Perhaps anticipating that any critique of T&T's education system would be seen an admission of failure, Prime Minister Keith Rowley described fundamental shortcomings as a recent development.
Speaking at the National Consultation on Education last Monday, Dr Rowley described himself as "a person who has benefited from serious public policy in education" and asserted that "education has changed the lives of every family of this country."
But the deficiencies in schooling that have made underperformers of the majority of T&T's students stretch back to the 1970s when the government succumbed to "edifice complex," wherein building more schools was considered equivalent to improving education.
This also allowed officialdom to claim a 98 per cent literacy rate which was measured solely by school attendance.However, more rigorous surveys conducted in the 1990s found that 20 per cent of the adult population was illiterate while only 25 per cent possessed the literacy levels required for a modern society.
This regression can be traced in part to the 1970s oil boom, which undermined the value that most citizens had placed on education as a tool for social mobility. After all, what was the point of getting a university degree when port workers with O-Levels made more than a teacher?

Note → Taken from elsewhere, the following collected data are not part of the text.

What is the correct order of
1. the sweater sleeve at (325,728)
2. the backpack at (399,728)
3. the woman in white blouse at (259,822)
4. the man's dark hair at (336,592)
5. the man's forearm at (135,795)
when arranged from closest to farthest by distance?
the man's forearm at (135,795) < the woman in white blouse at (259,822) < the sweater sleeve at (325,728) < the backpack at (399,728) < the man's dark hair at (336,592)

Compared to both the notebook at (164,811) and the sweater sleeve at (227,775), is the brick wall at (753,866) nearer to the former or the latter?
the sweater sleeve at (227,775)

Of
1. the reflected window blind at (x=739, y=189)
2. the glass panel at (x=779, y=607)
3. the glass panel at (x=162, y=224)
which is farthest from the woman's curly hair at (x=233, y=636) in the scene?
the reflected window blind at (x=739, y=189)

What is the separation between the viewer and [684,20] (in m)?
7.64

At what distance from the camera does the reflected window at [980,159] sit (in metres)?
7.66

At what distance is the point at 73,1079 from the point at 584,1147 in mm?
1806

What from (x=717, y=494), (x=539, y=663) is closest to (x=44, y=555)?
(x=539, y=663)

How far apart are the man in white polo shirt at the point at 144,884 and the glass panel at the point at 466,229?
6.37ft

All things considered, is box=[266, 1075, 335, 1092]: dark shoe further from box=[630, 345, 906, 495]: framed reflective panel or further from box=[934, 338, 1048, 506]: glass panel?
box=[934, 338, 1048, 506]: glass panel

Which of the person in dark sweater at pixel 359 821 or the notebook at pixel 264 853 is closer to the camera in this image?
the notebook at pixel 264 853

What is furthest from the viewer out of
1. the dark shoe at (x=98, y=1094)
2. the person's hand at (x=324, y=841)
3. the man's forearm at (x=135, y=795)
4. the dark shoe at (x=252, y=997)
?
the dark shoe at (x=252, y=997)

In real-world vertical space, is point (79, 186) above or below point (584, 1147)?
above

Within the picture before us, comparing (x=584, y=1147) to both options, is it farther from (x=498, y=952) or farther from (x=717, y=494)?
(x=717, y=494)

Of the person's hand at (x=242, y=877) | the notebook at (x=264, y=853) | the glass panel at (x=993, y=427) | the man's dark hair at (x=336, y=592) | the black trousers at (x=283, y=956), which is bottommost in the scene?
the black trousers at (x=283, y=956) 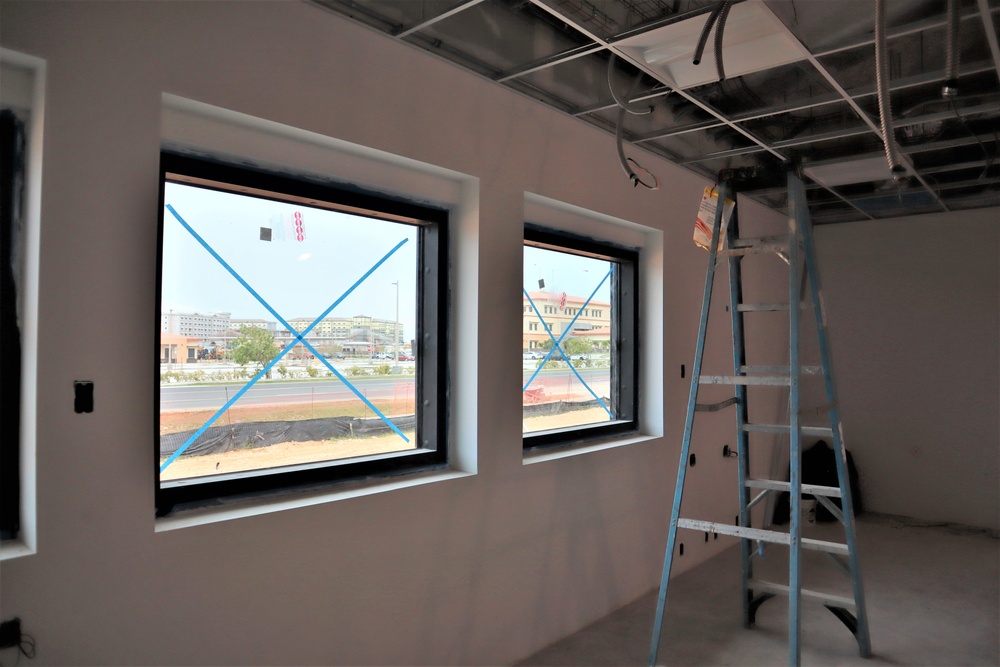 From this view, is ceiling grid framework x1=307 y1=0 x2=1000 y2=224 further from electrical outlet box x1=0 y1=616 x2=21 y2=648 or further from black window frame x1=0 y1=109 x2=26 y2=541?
electrical outlet box x1=0 y1=616 x2=21 y2=648

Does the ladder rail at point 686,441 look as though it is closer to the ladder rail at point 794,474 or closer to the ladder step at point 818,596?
the ladder rail at point 794,474

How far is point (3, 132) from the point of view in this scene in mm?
1595

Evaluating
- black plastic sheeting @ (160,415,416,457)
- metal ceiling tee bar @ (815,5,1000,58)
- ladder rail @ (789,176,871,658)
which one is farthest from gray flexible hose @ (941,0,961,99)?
black plastic sheeting @ (160,415,416,457)

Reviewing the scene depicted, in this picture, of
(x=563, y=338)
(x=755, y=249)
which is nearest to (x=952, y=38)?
(x=755, y=249)

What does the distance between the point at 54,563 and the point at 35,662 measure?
0.72 feet

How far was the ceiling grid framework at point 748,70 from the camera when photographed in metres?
2.28

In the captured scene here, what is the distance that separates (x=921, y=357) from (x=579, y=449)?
12.2 ft

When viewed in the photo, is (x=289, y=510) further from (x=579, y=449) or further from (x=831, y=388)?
(x=831, y=388)

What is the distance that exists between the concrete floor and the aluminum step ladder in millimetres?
155

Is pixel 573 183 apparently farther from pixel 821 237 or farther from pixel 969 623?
pixel 821 237

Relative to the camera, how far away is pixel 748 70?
2551mm

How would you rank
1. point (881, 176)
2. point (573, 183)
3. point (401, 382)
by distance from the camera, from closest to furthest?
point (401, 382) → point (573, 183) → point (881, 176)

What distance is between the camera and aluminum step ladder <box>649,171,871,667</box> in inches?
95.3

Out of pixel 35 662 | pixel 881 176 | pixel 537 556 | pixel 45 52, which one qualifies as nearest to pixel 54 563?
pixel 35 662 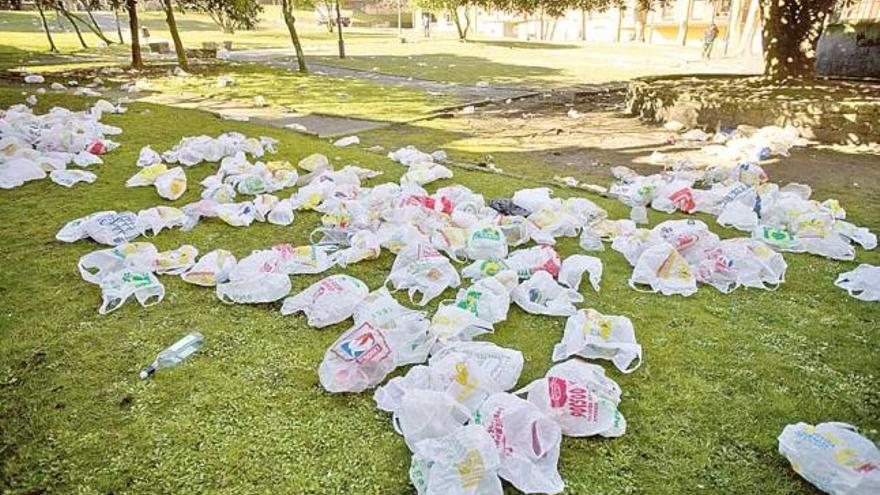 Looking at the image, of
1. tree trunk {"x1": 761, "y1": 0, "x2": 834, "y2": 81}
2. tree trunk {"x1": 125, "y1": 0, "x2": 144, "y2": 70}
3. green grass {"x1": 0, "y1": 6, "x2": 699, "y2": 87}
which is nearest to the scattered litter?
tree trunk {"x1": 761, "y1": 0, "x2": 834, "y2": 81}

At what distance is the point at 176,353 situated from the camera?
2141mm

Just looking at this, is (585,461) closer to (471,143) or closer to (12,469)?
(12,469)

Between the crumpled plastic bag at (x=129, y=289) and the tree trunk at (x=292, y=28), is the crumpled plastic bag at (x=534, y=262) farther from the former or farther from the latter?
the tree trunk at (x=292, y=28)

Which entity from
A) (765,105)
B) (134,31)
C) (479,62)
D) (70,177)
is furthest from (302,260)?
(479,62)

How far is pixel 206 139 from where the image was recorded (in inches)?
206

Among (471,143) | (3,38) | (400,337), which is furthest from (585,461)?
(3,38)

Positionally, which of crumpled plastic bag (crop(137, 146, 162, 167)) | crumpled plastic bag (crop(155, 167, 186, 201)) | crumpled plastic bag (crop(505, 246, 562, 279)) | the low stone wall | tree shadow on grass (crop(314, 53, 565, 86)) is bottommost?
crumpled plastic bag (crop(505, 246, 562, 279))

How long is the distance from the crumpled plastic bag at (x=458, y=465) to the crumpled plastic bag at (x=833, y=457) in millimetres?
922

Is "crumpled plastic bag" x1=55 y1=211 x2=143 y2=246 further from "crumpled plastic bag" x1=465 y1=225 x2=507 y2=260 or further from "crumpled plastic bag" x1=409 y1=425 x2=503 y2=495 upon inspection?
"crumpled plastic bag" x1=409 y1=425 x2=503 y2=495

Similarly, the make-work programmes which began their existence as DEWD negated even the need for a Common Entrance pass among the working class, since a ten days didn't require any skills or knowledge.It is true that, even in the midst of such pedagogically pernicious policies, the prestige schools and individual students performed well academically.
However, this is usually the case with the middle-and upper-classes in most societies and the assumption that the denominational schools have an approach to teaching which is superior has yet to be tested empirically.

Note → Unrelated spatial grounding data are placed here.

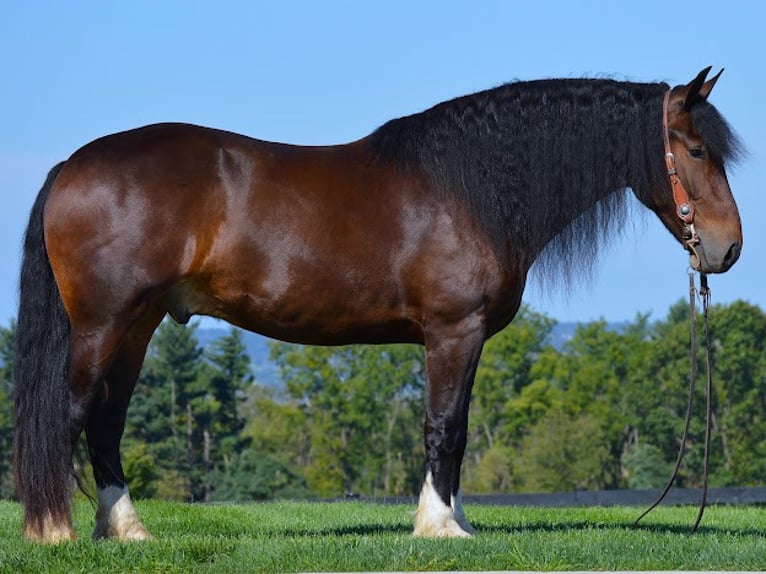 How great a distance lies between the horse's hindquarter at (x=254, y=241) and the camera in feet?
25.6

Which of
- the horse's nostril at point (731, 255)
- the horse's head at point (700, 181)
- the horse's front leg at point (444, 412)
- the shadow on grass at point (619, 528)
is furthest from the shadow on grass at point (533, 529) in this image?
the horse's head at point (700, 181)

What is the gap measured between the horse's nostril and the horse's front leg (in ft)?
5.54

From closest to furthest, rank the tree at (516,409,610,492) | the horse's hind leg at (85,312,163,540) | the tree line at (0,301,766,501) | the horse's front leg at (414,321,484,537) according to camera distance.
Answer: the horse's front leg at (414,321,484,537), the horse's hind leg at (85,312,163,540), the tree line at (0,301,766,501), the tree at (516,409,610,492)

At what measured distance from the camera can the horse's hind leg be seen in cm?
A: 803

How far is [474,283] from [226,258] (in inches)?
62.9

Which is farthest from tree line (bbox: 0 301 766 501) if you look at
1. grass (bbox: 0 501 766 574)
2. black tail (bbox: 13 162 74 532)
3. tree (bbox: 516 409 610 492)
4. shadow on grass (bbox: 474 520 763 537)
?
black tail (bbox: 13 162 74 532)

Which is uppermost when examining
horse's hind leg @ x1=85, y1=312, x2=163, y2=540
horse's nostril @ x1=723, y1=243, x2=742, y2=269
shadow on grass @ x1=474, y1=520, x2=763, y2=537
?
horse's nostril @ x1=723, y1=243, x2=742, y2=269

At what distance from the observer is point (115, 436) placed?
8266 mm

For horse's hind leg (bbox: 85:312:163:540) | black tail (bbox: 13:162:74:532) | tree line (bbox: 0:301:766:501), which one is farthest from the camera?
tree line (bbox: 0:301:766:501)

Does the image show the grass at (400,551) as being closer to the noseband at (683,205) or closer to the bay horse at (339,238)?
the bay horse at (339,238)

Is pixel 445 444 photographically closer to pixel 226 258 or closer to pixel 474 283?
pixel 474 283

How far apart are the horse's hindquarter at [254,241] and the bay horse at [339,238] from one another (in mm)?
10

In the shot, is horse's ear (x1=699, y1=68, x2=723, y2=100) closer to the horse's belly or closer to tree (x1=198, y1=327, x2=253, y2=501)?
the horse's belly

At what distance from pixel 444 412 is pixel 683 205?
82.5 inches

The fact is these schools benefit from getting the cream of academically gifted students so factors like better management or more committed teachers may or may not be relevant.This, then, is the culture which education reforms have to change and there is no need to re-invent the wheel since there are ample examples from other countries which have revamped their education systems.

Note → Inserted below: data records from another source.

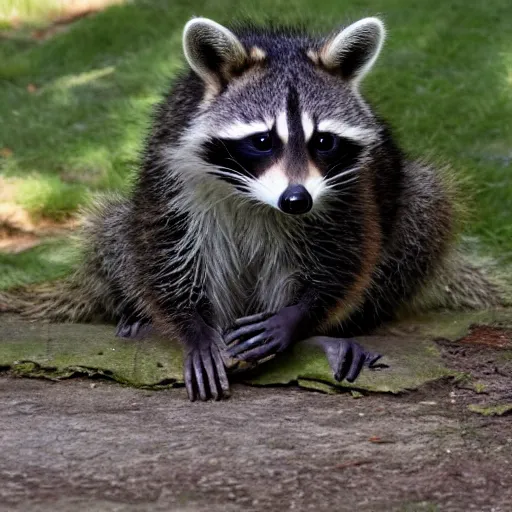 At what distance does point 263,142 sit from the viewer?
4020 millimetres

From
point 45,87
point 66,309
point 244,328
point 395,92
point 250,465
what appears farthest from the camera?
point 45,87

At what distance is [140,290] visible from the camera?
4.78 m

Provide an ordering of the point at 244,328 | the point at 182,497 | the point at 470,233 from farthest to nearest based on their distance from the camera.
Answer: the point at 470,233 → the point at 244,328 → the point at 182,497

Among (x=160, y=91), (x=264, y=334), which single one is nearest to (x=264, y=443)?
(x=264, y=334)

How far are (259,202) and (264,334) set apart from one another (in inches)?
23.6

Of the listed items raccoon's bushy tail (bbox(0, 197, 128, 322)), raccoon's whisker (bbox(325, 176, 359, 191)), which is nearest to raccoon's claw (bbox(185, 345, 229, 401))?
raccoon's whisker (bbox(325, 176, 359, 191))

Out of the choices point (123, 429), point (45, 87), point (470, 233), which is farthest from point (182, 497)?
point (45, 87)

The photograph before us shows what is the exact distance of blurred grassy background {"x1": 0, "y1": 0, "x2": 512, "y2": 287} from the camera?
6.54 m

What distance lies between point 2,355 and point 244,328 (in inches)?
45.3

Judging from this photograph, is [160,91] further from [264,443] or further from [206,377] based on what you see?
[264,443]

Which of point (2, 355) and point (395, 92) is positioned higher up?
point (395, 92)

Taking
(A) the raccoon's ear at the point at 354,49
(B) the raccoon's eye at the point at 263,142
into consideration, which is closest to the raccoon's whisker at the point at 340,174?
(B) the raccoon's eye at the point at 263,142

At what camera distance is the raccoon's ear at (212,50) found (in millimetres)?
4148

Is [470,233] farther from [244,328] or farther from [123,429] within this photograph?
[123,429]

Finland, for example, focused on teacher competence, ensuring all their teachers have at least a Master's Degree and have the skills and autonomy to create their own curriculum.In Japan, teams of teachers within schools regularly conduct experiments to test the most effective ways to impart specific knowledge to students, often writing up their results in monographs for other teachers to access nationwide.
Locally, it would be useful for the Education Ministry to conduct or commission research into schools that do well against the odds. The Chaguanas Government Primary School, for example, usually has students scoring in the top 200 of the SEA. Is this because of the cohort the school draws from in the area, inspired leadership or innovative teaching?
Or, at the secondary level, the Miracle Ministries Pentecostal High School founded by Pastor Winston Cuffie regularly claims to have a high CXC pass rate. If this school does so well with students who performed poorly at SEA, an audit should yield useful insights.
Other countries have revolutionised their education policies within a decade but they all did so with political commitment and stakeholder buy-in. There are lessons there for T&T.